After the euphoria and the hoopla, after the sense of connection with so many across the nation, after the first night of the honeymoon, we all need to ponder the new responsibilities and opportunities created by the Obama administration. It's the new president's intent to involve us all in a movement to use our resources and talents to restore the image most of us have experienced of the idea of a strong and generous America. I grew up in an optimistic, though "bland" and perhaps naïve era after World War II, the Eisenhower years, and had a strong hope for and belief in the ability of American people to do good in the world. I thought I would be a part of that as well, one of the overriding reasons I became a teacher. Indeed, my best memories of teaching are the moments when I caught a student suddenly comprehending a point that stretched his mind, gave a teenager a boost to an understanding of his abilities, or counseled a pupil from one of my classes who felt she had nowhere else to go for some TLC. That's why I taught.
I listened carefully to the campaign reminder "Yes we can," and eagerly anticipated the rhetoric of Obama's inaugural address. I was not disappointed. I would like to analyze just one part of his speech that, broken down, illustrates what we are challenged—and blessed—with. On those cold steps, on Jan. 20, 2009, Obama said, "What is required of us now is a new era of responsibility—a recognition, on the part of every American, that we have duties to ourselves, our nation and the world, duties that we do not grudgingly accept but rather seize gladly, firm in the knowledge that there is nothing so satisfying to the spirit, so defining of our character, than giving our all to a difficult task."

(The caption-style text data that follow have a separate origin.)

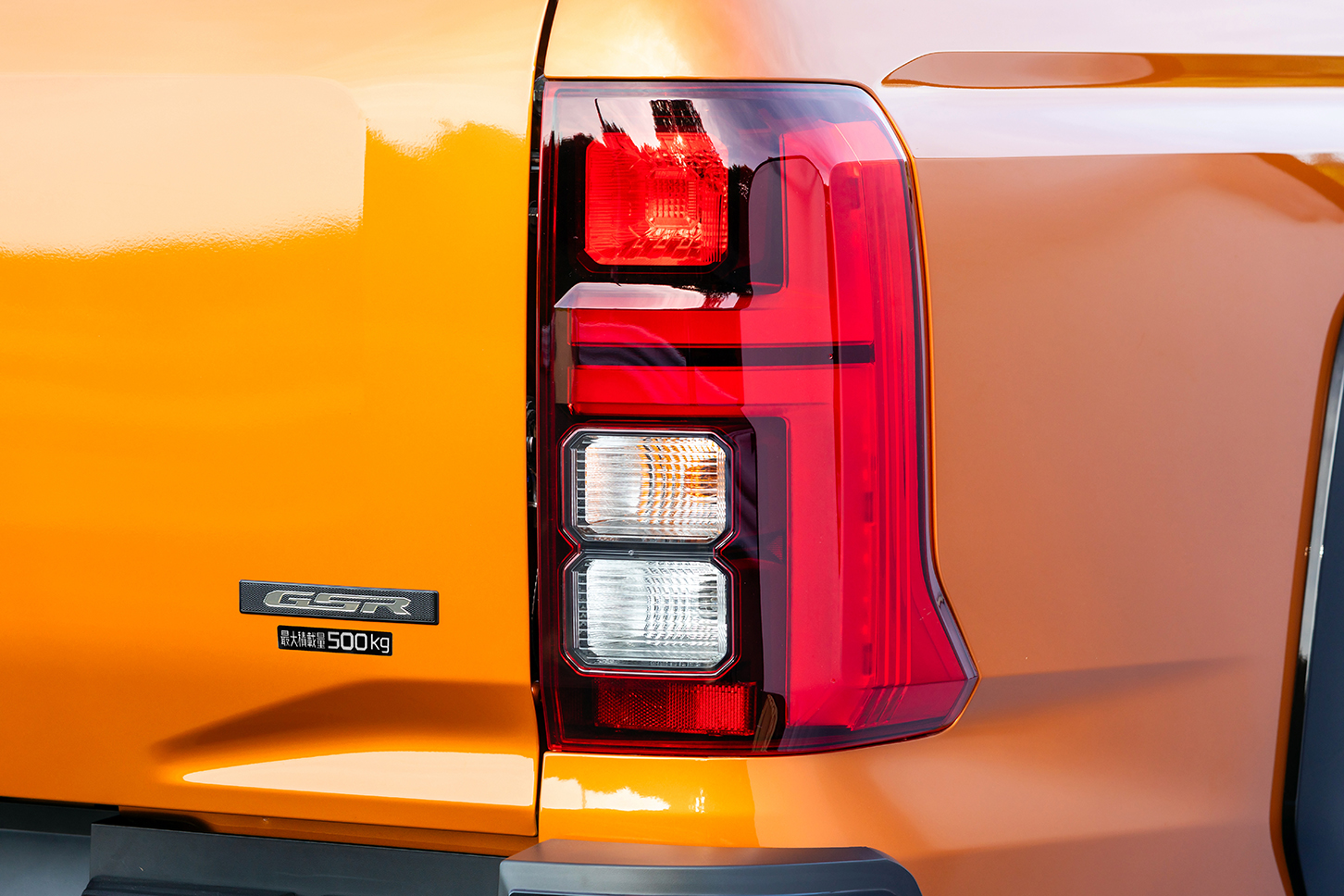 三菱 トライトン｜Mitsubishi Triton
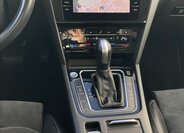 Volkswagen Passat 12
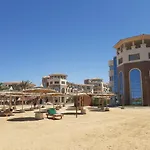 308E - Kitesurf Studios In Royal Beach
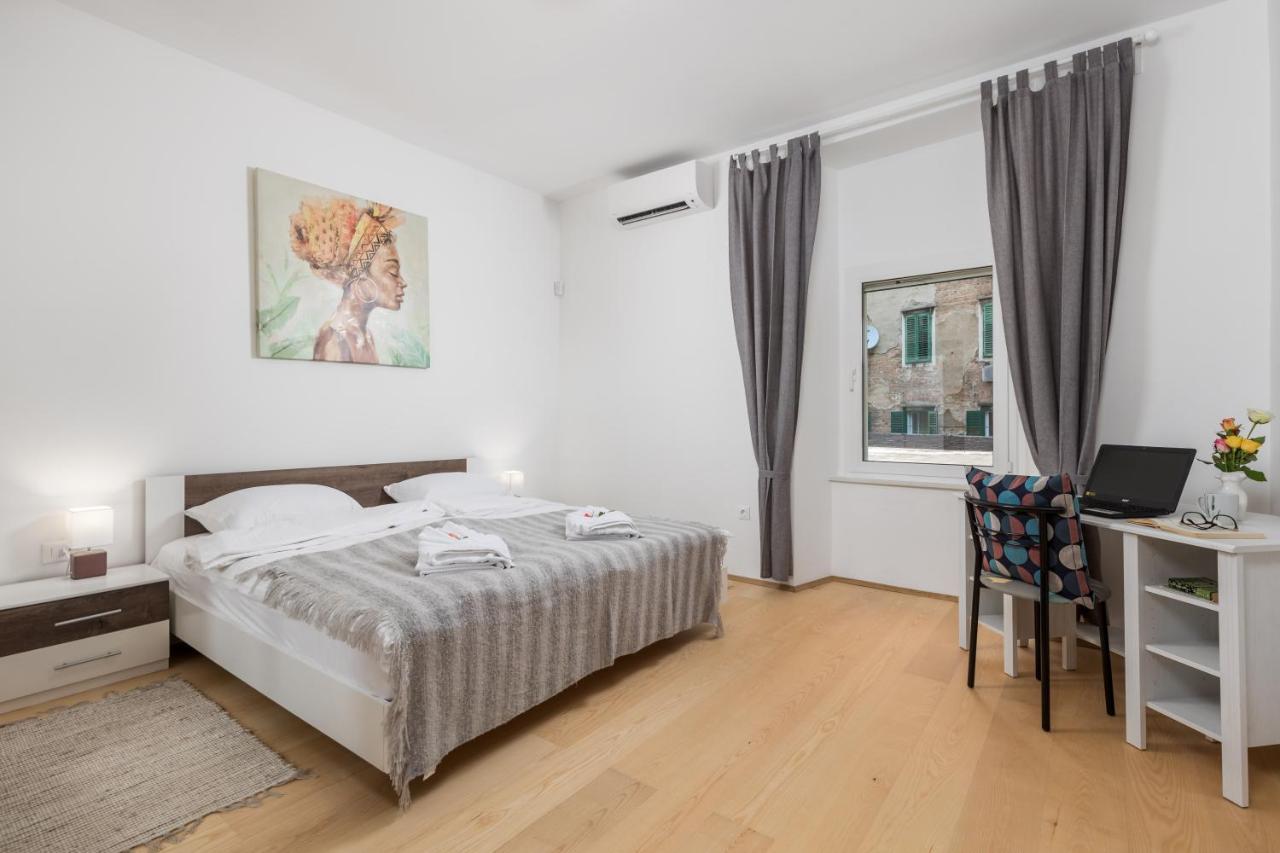 El Caminante Apartment Rijeka Bagian luar foto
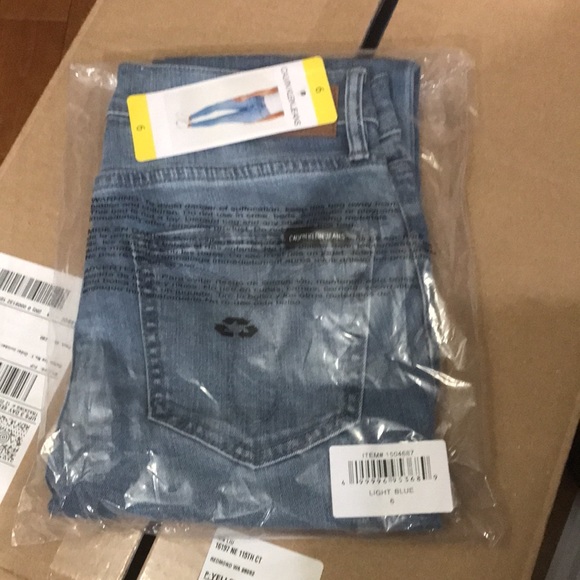 NWT Calvin Klein Jeans Ladies High Rise Jean - Picture 8 of 8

The first thing on Obama's list is that "we have duties to ourselves." Aren't we already too self-absorbed and self-centered? However, like having a pet one cares for, feeds and then caresses every day, there are benefits to a more selfless behavior. A recent study of elderly retirees published in the Journal of Urban Health found that volunteers age 60 through 86 who helped in Baltimore public schools outscored their non-participating counterparts in both physical and cognitive ability. So doing good for other is, apparently, good for one one's own body and soul.

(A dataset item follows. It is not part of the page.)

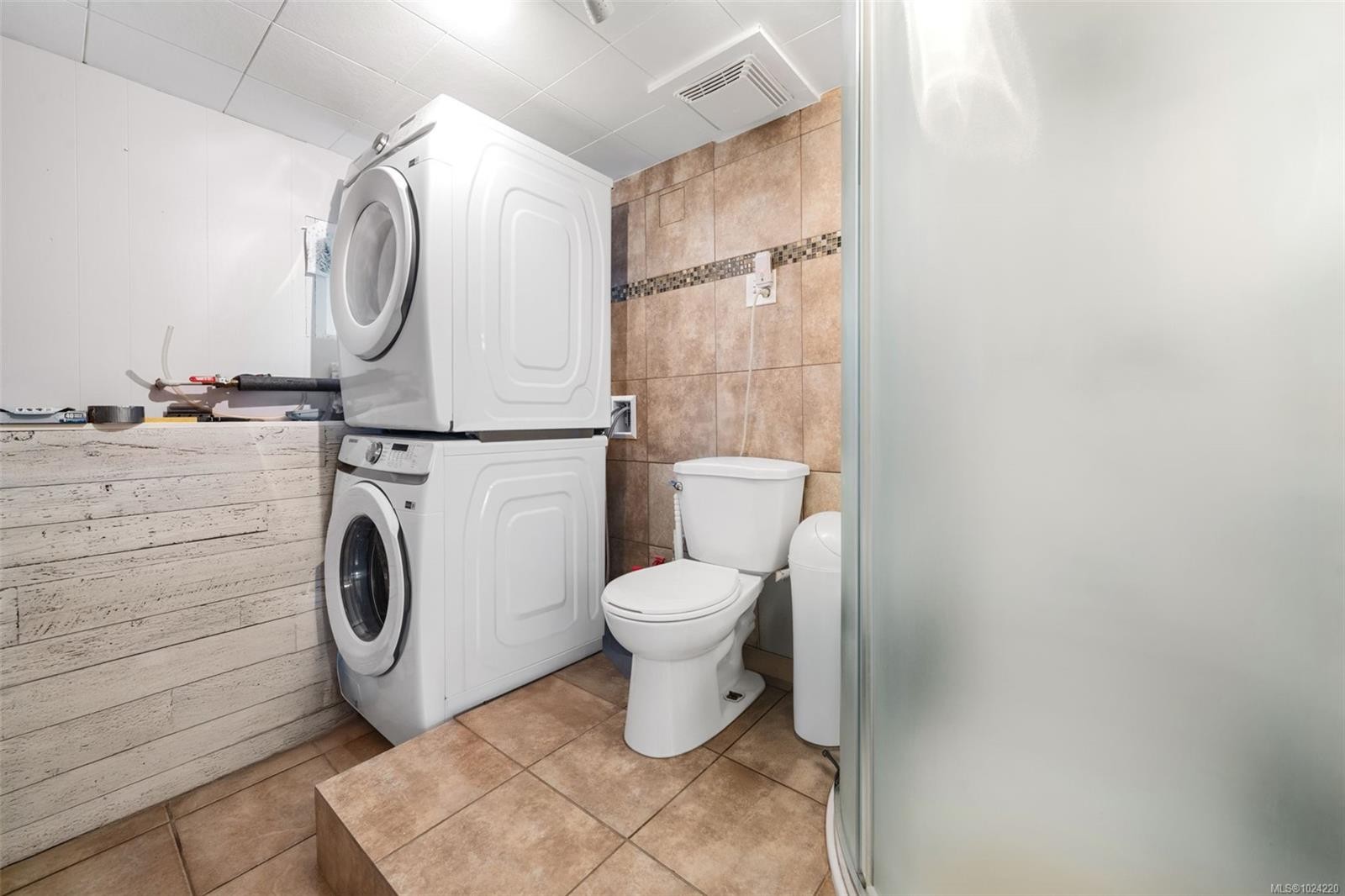 730 Burnside Rd West, Saanich, BC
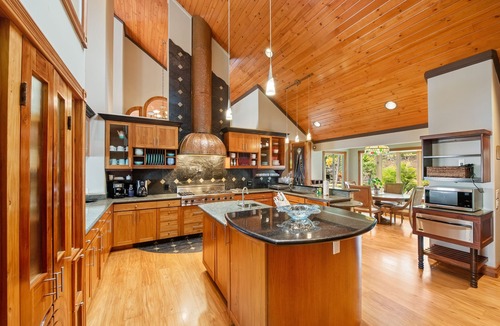 Honaunau-Napoopoo House | Paradise at Bay View Farms w/Private Infinity Pool, Hot Tub & Incredible Views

The second aspect we are urged to consider is our duty to our country. Shortly before Jan. 20, a movement called "Renew America Together" was announced by the president-elect. People can check out USAService.org to find opportunities to participate in this effort. I have long thought, even during the Vietnam War, that service to our country in the way of building needed structures, helping the deprived children of our country, through teaching or mentoring, and serving in numerous capacities could be an alternative to military service and a positive addition to young people's education. Habitat for Humanity is just one example of an attractive and meaningful way for people to be involved in rebuilding lives and hopes. I am probably preaching to the converted, citizens already aware of these regional and national opportunities. In this valley especially, many residents spend time volunteering for some of the nonprofit organizations that proliferate in our blessed community. Often, however, many of us know we could do more, even with our busy and frenetic lives.